2. The method as recited in claim 1, further comprising forming
said micro-cavity by first depositing and patterning an etch stop
layer, and selectively etching said micro-cavity, stopping at said
etch stop layer.
3. The method as recited in claim 1, wherein forming said inductive
element further comprises: conformally depositing sacrificial
material on sidewalls of said micro-cavity to a thickness that is
determined by a tolerance between the free-moving inductive element
to the sidewalls of said micro-cavity; depositing conductive
material in said micro-cavity; planarizing back to fill said
micro-cavity; recessing said conductive material to a predetermined
level of the height of said micro-cavity; refilling said
micro-cavity with sacrificial material to a top surface of said
micro-cavity; and selectively removing said sacrificial material to
free said conductive material from said sidewalls of said
micro-cavity.
4. The method as recited in claim 1, comprising forming said
inductive element of permalloy.
5. The method as recited in claim 3, further comprising: depositing
conductive material within said micro-cavity; planarizing said
conductive material, leaving said micro-cavity filled to a
predetermined height of said micro-cavity; and filling said
micro-cavity with sacrificial material.
6. The method as recited in claim 5 further comprising: selectively
removing said sacrificial material from the top surface of said
micro-cavity; and forming conductive wires and depositing thereon
insulating material.
7. The method as recited in claim 6 further comprising: patterning
and etching an aperture reaching said micro-cavity; and selectively
removing said sacrificial material from the top surface of said
micro-cavity and from the sidewalls thereof.

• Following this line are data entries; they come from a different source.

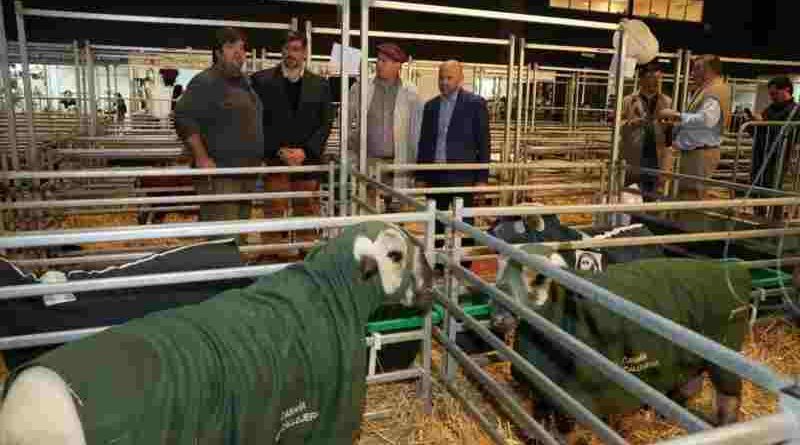 Santa Fe llevó a La Rural su modelo de desarrollo productivo y renovó su compromiso con el campo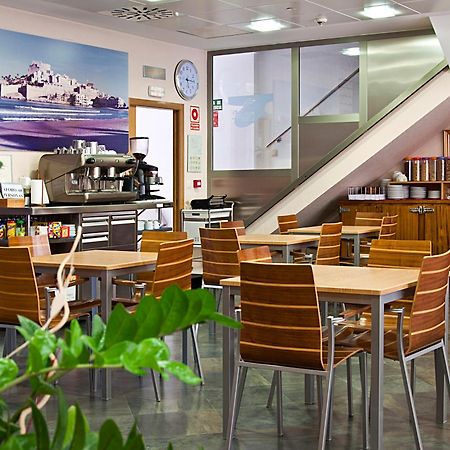 Hotel Marina Peñíscola Eksteriør billede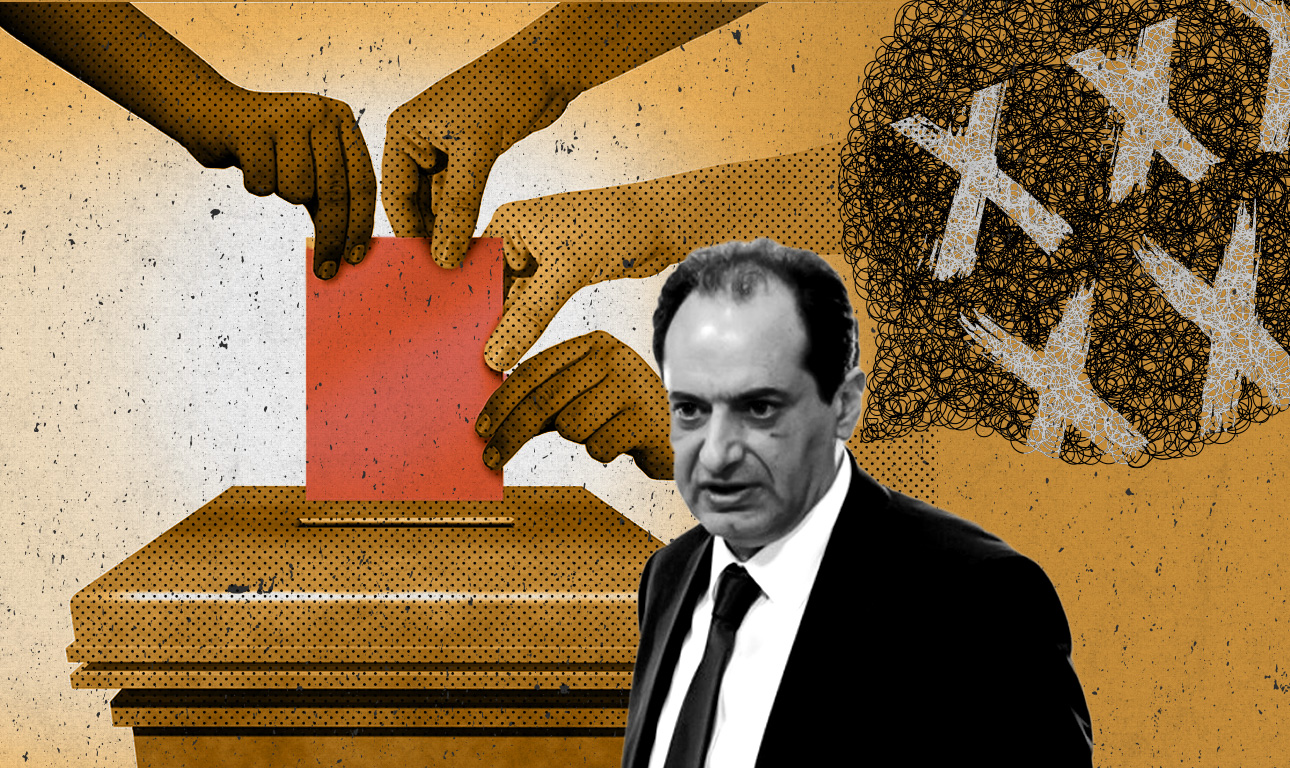 Λόγια Σπίρτζη ακούσατε; Ακούει κανείς;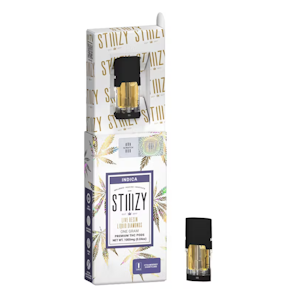 STIIIZY | Strawberry Shortcake | Live Resin Liquid Diamond Pod | 1g
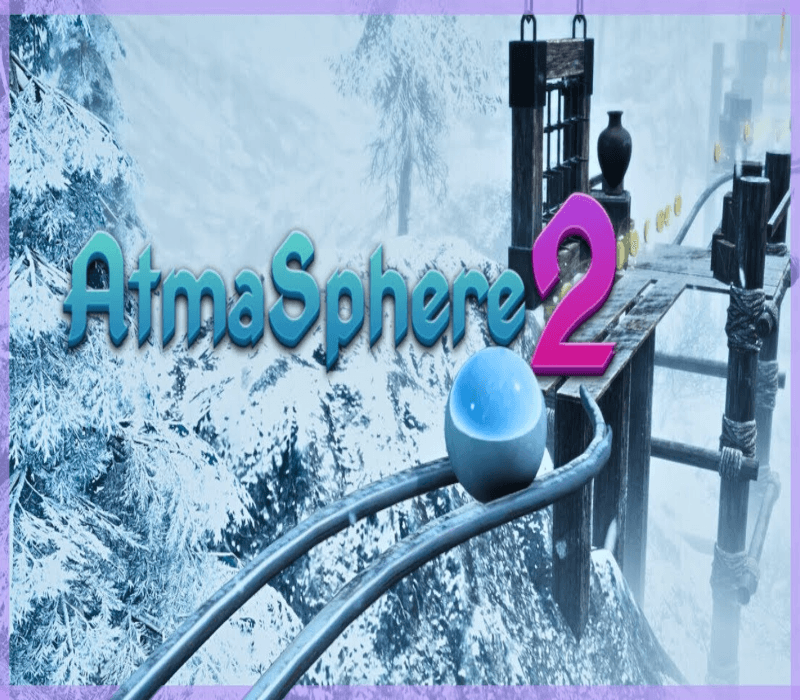 AtmaSphere 2 EU PC Steam CD Key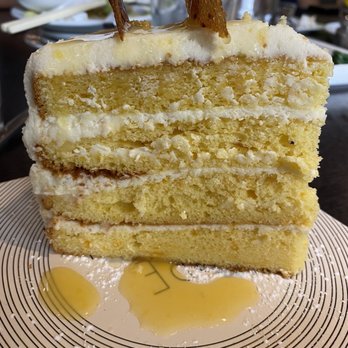 Blue Bamboo - Orange Cake - Life changing!! - Comfort Food Near Me - Jacksonville, Florida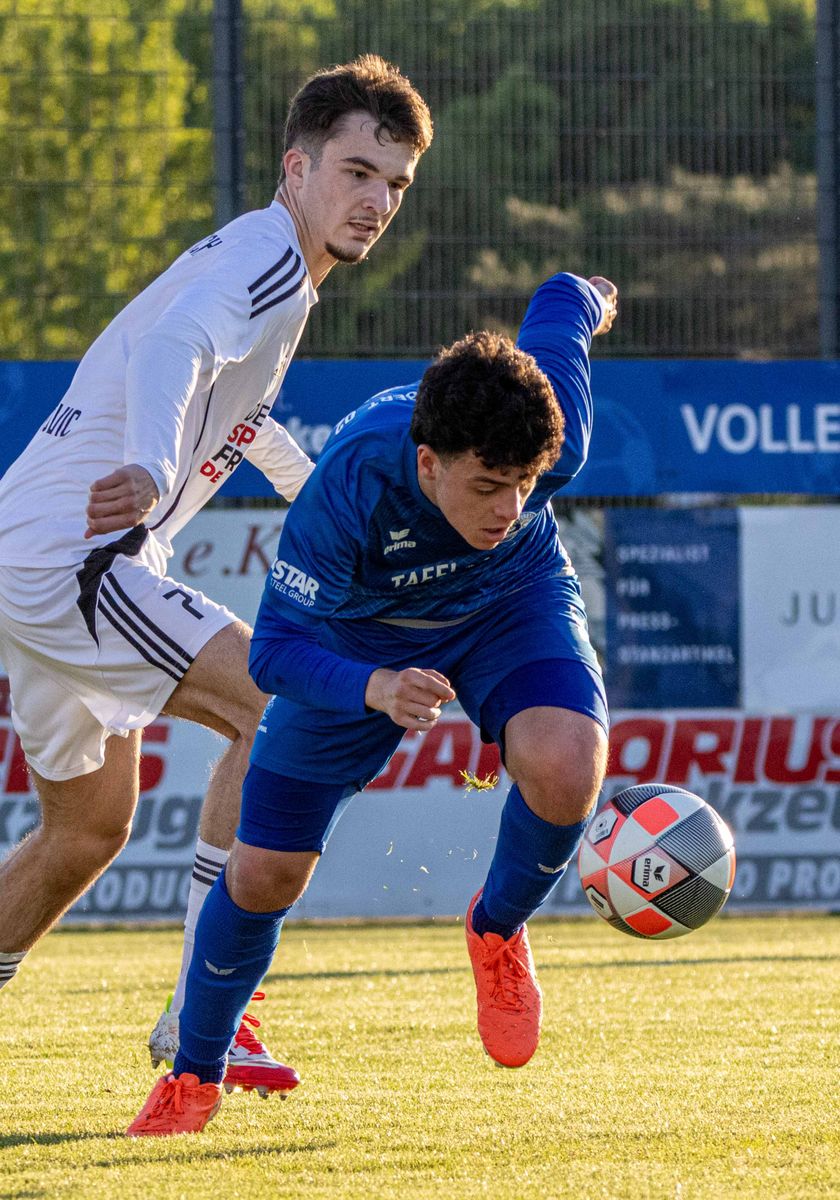 Die Bilder vom Heimsig gegen den FC Büderich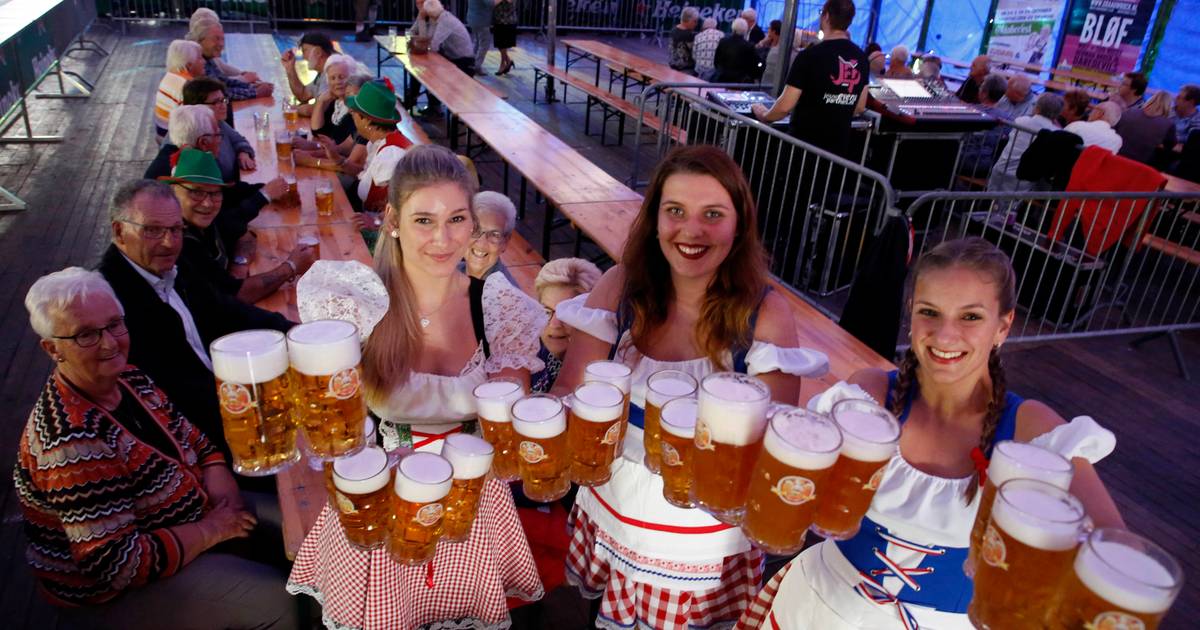 Oktoberfest en Herfstparty XXL in Graauw slaan een jaartje over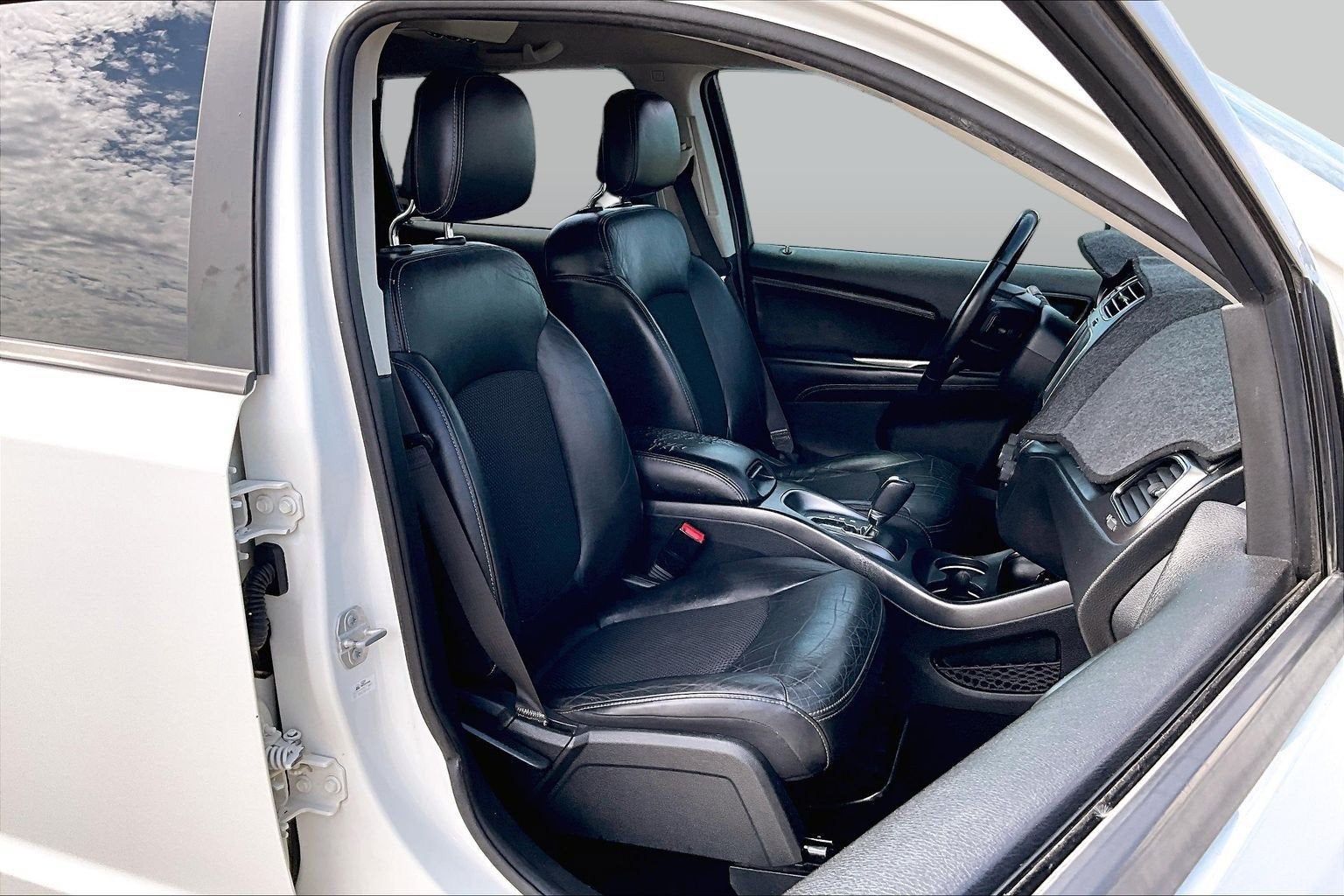 2018 Dodge Journey Crossroad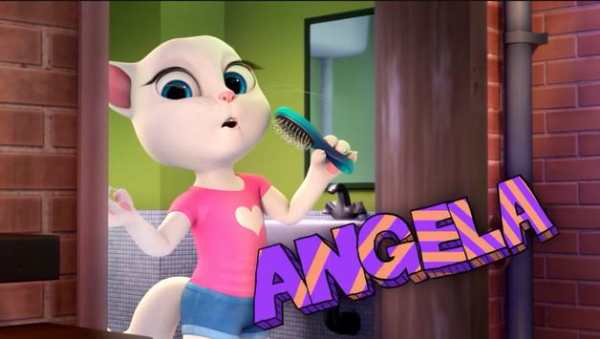 Talking Tom and Friends screenshot 4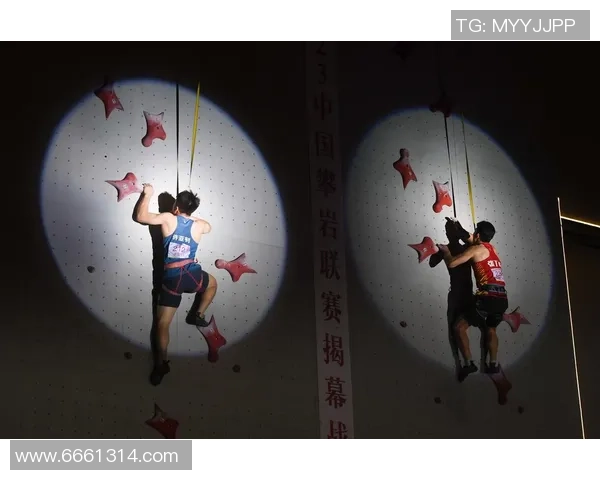 上海滑板队逆袭之旅：攀岩联赛中的奋斗与荣耀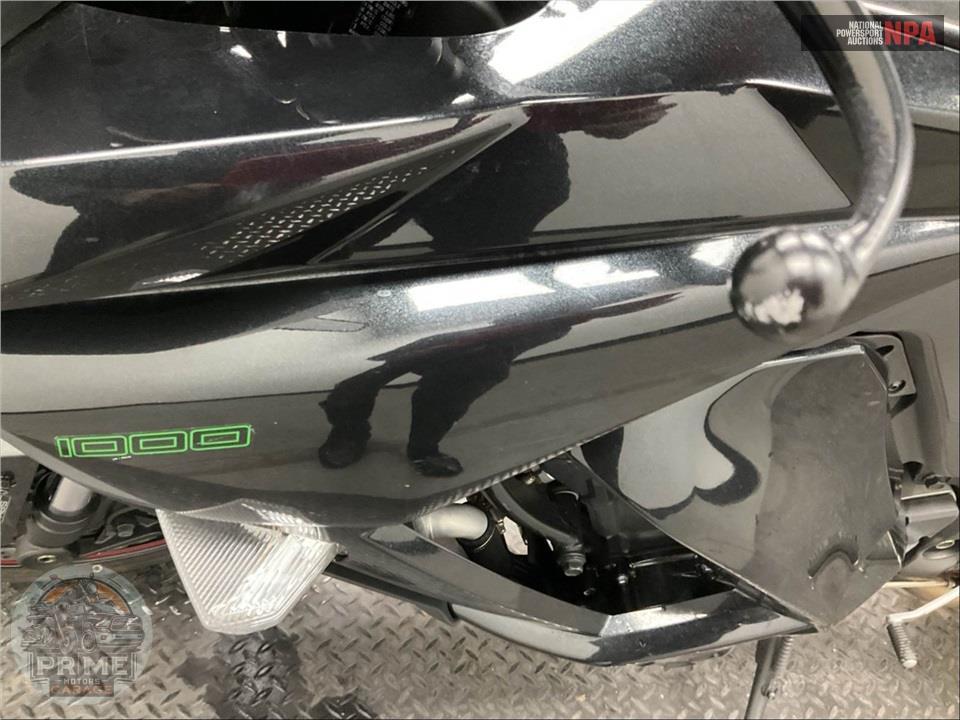 2016 Kawasaki ZX1000MGF NINJA 1000 (ABS) — фото 30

8. The method as recited in claim 6 further comprising patterning
said conductive wires including conductive wire segments that are
separate from each other, wherein said separation is substantially
aligned with said inductive element, allowing said inductive
element to short and open said wire segments when said inductive
coil is respectively energized and de-energized.
9. The method as recited in claim 7 further comprising sealing the
top surface of said micro-cavity.
10. The method as recited in claim 8, wherein said energizing and
de-energizing said inductive element is achieved by applying a
current to said coil to induce a magnetic field on said inductive
element, attracting said inductive element toward said magnetic
coil, said inductive element short-circuiting said conductive
wires.
11. The method as recited in claim 10, further comprising disabling
said current to neutralize said magnetic field, allowing gravity to
drop said inductive element to the bottom of said micro-cavity.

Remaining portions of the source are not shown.